Бердяев был не столь категоричен, как Шестов. Он не отрицал науку и рациональное познание вообще, он лишь показывал их ограниченность, зависимость от веры. Но все же перекличка тем очевидна, особенно в противопоставлении рационального познания и свободы: Бердяев тоже считал, что рациональное знание устанавливает для нас границы (мы не можем сделать этого и того, потому что это противоречит законам, фактам, мнению ученых, школьным учебникам), хотя результаты самого рационального познания не являются окончательными, наша научная картина мира постоянно меняется.

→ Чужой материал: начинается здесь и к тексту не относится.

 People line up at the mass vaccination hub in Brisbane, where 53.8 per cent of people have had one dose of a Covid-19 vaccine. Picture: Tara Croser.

Истина может лежать и за пределами каких бы то ни было научных констатации, слепое следование которым приводит к нивелировке и ограничению человеческой личности. Бердяев не раз вспоминал в своих работах Канта, показавшего ограниченность человеческого разума. Человеческое мышление, превосходно справляющееся с частными задачами, начинает «буксовать» при постановке самых важных вопросов — о душе, о Боге, о мире самих по себе, вне зависимости от наших утилитарных задач. Вместо четких однозначных ответов разум приходит к антиномиям — неразрешимым противоречиям, которым Кант отводил роль «пограничных столбов»: территория рационального знания кончается. Поставив перед собой подобные вопросы, разум вступил не на свою территорию, надо остановиться. На эти вопросы может ответить только вера.
В 1910 году московское Религиозно-философское общество не могло не провести вечера, посвященного 10-й годовщине со дня смерти В. С. Соловьева, особенно если учесть, что самые активные члены РФО были связаны с Соловьевым не только духовно, но и лично — Л. Лопатин дружил с Соловьевым в детстве и юности, Е. Трубецкой был его последователем и другом, на многих участников РФО оказала воздействие соловьевская философия. Арендовали зал, выпустили объявления о вечере. Доклады о Соловьеве должны были делать Бердяев, Вячеслав Иванов, Владимир Эрн и Александр Блок (который сам доклада не читал, только прислал его текст). Доклад Бердяева был длинноват (полтора часа), не раз прерывался тиком (Т. А. Рачинская вспоминала: он «так страшно высовывал язык»[179]), но затронул важный вопрос об отношениях православия и католичества (поводом стали симпатии Соловьева к католической церкви). Доклады затем были опубликованы издательством «Путь». Тогда же издательство поставило перед собой задачу: выпустить книги и о других самобытных русских мыслителях — Григории Сковороде, Петре Чаадаеве, Алексее Хомякове, Константине Леонтьеве. Бердяев взялся за написание книги о Хомякове. (Позднее появилась мысль написать и о Николае Федорове, но этот бердяевский замысел никогда не воплотился.)
Влияние славянофильства, которое невозможно представить без могучей фигуры Алексея Степановича Хомякова (недаром А. Герцен назвал его «Ильей-Муромцем славянофильства», а Бердяев считал «самым сильным религиозным мыслителем славянофильского лагеря»), на религиозное направление русской культуры в целом и на формирование философской позиции Бердяева трудно переоценить. Именно славянофилам принадлежала заслуга постановки проблемы единства веры и разума в отечественной мысли, критики рационализма, именно они первые задались вопросом о свободе в церкви, личности и соборности, не говоря уже об их попытке осмыслить роль России в христианской культуре и цивилизации. Недаром даже их идейный оппонент, западник А. Герцен, отмечал, что западничество только тогда получит место и значение общественной силы, когда овладеет темами и вопросами, пущенными в обращение славянофилами.